De forma sigilosa, o atual diretor do IBGE, Márcio Pochmann, criou uma fundação para captar recursos privados e contratar trabalhadores sem realizar concurso público, que está sendo chamada de “IBGE Paralelo”. Servidores prometem mobilização contra medida privatista e precarizadora
Raul Bittencourt* | Rio de Janeiro (RJ)
No último dia 26 de setembro, foi realizado um ato público de servidores efetivos e temporários do IBGE na porta de sua sede, no Centro do Rio de Janeiro, convocado pelo sindicato Associação dos Servidores do IBGE. Centenas de trabalhadores protestavam contra medidas impostas pelo atual presidente do órgão, Marcio Pochmann, que determinou o retorno ao trabalho presencial e planeja mudar diversas áreas técnicas para um prédio no Horto, Zona Sul da cidade, a fim de reduzir custos de locação. Mas o mais grave, feito sob total sigilo, foi a criação da Fundação IBGE+.
O “IBGE Paralelo” de Pochmann, como está sendo chamado, permite a captação de financiamentos para pesquisas com recursos público e privado, a venda de serviços para grupos privados, a contratação de trabalhadores via CLT e a criação de novas despesas, inclusive pagamentos a conselheiros, sem passar pelo orçamento federal.

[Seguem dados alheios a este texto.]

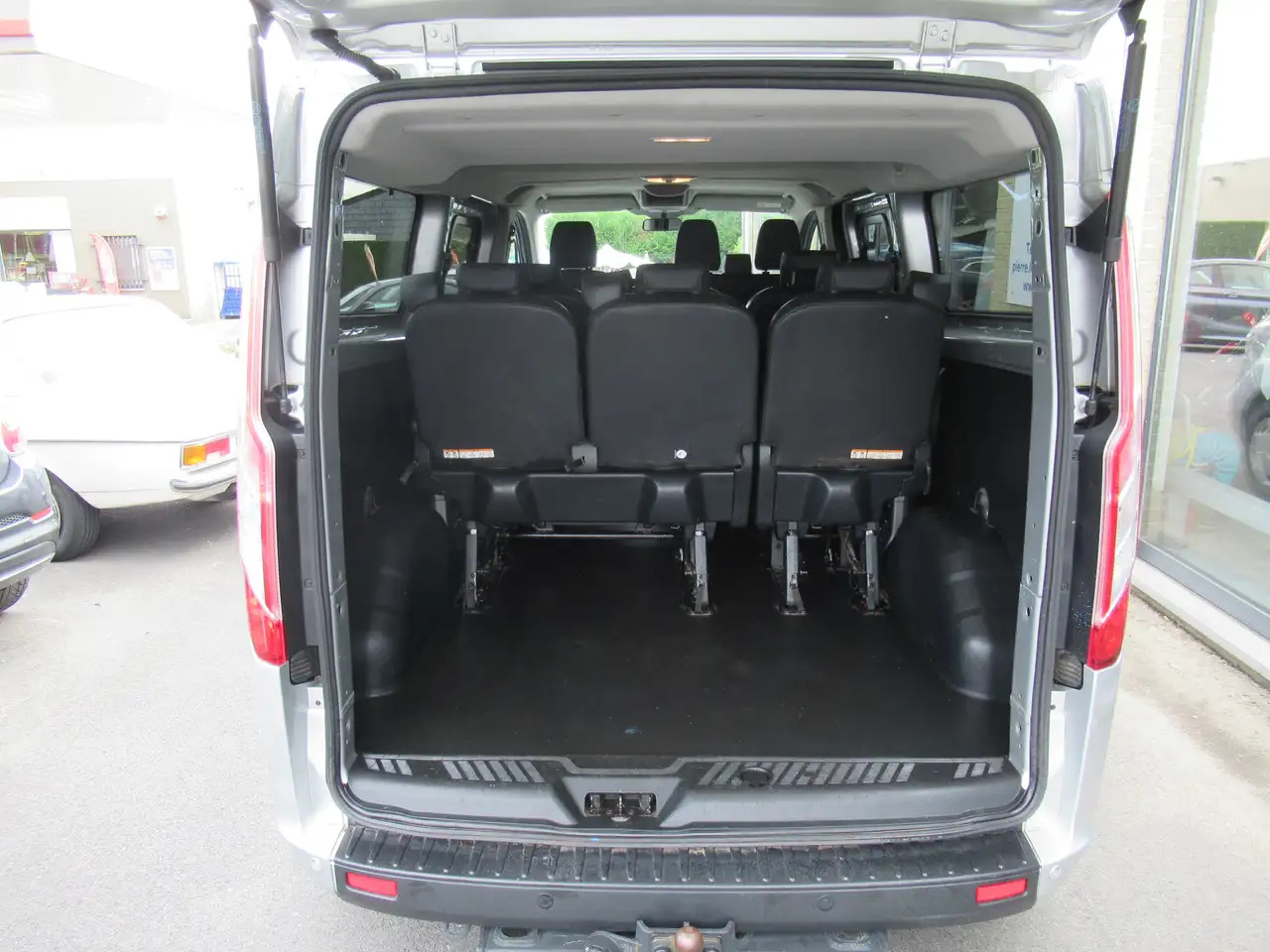 Ford Transit Custom 2.0 TDCi L2H1 Ambiente 23900€+TVA/BTW - Putnički kombi: slika 5 Ford Transit Custom 2.0 TDCi L2H1 Ambiente 23900€+TVA/BTW - Putnički kombi: slika 5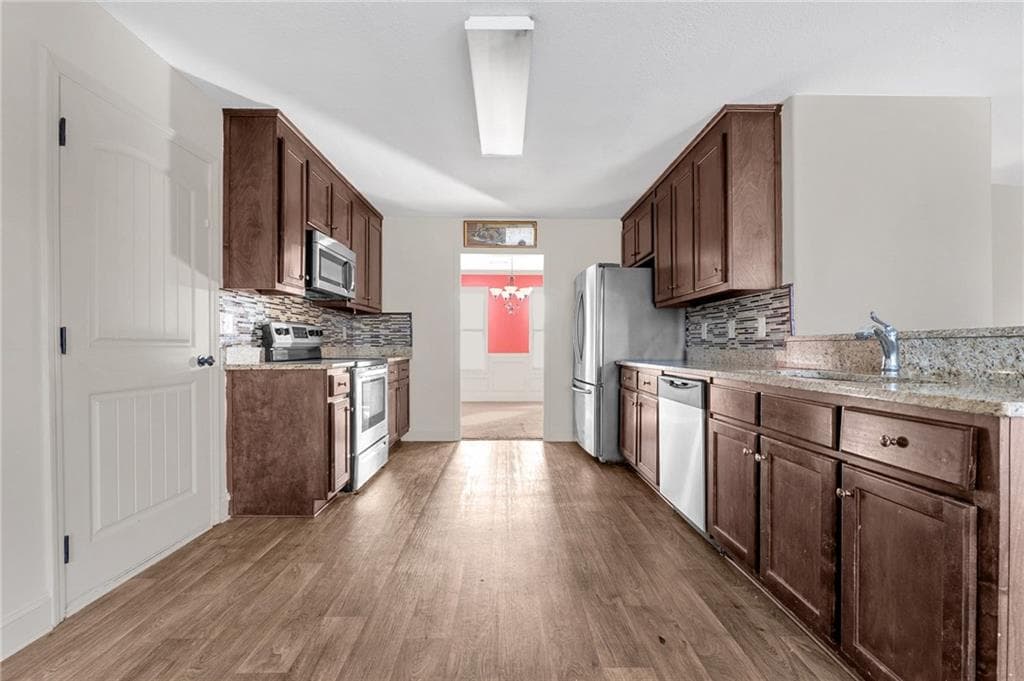 4 bedroom, 3 bathroom, 2,322 sq ft single family residence for sale at 1615 Newport Drive, Bethlehem, GA 30620 — photo 7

A criação da fundação se enquadra na Lei Federal n.º 8.958, de 20 de dezembro de 1994, que regulamenta as relações entre as instituições de ciência e tecnológica e as fundações de apoio.
A iniciativa é tida como mais um passo em uma escalada autoritária do atual presidente, que, nos últimos meses, vinha se recusado a debater com os servidores e seu sindicato, só recuando e aceitando reunir-se com a entidade após a repercussão externa da criação da fundação. Portais de extrema-direita têm, inclusive, se aproveitado para disseminar críticas com viés reacionário, sendo repelidos pelos trabalhadores, que seguem coesos, combatendo ataques da gestão e derrotando as tentativas de manipulação dos movimentos fascistas.
Por trás da criação da fundação apelidada de IBGE Paralelo, estariam as constantes dificuldades orçamentárias, fruto da política econômica que prioriza os interesses de agentes do mercado, em vez dos serviços públicos. Assim, o Governo Lula busca garantir o superávit fiscal para remunerar o esquema da dívida pública, conforme determina o Arcabouço Fiscal, proposto pelo ministro da Fazenda Fernando Haddad, que deu continuidade ao Teto de Gastos do ex-presidente golpista Michel Temer.
Os seguidos contingenciamentos têm prejudicado o funcionamento do IBGE. Em 2020, a redução foi de 32% no orçamento do Censo Demográfico, o que forçou seu adiamento. Em 2021, o orçamento foi reduzido novamente, para R$ 53 milhões, inviabilizando a realização da pesquisa, tendo estes cortes constantes impactado duramente as atividades do instituto durante o Governo Bolsonaro. Já no Governo Lula, em abril de 2024, o corte foi de R$ 9 milhões, o que representa cerca de 25% do valor bloqueado do Ministério do Planejamento, ao qual o IBGE está subordinado.
Política econômica
A preocupação com os constantes cortes orçamentários tem levado direções de outras instituições federais a buscar mudanças em seus regimes jurídicos para reduzir os impactos dos constantes contingenciamentos orçamentários e do Arcabouço Fiscal, além de perdas salariais decorrentes do congelamento após o golpe de 2016 e a posse de Temer. O Inmetro propõe a converter-se em Agência Reguladora; a Fiocruz busca uma mudança de status; o Inpi debate formas de utilizar a sua arrecadação, entre outros.
Tais propostas são paliativos que não atacam o problema central, o liberalismo econômico, que, por décadas, guia o orçamento federal e impõe o arrocho nas contas públicas, levado ao extremo pelo governo do fascista Bolsonaro. A política de Bolsonaro e Paulo Guedes impôs penúria aos serviços e servidores públicos, a qual, apesar das promessas eleitorais, não foi revertida por Lula, que segue submisso aos desmandos do mercado. Sem romper com o arcabouço fiscal, restam poucas alternativas para o serviço público.
Por isso, a única saída para os servidores públicos federais são as manifestações, paralisações e greves, como já demonstraram os servidores da educação federal, que, além das conquistas salariais, pautaram a recomposição do orçamento das universidades e impuseram uma derrota à política fiscal do atual governo.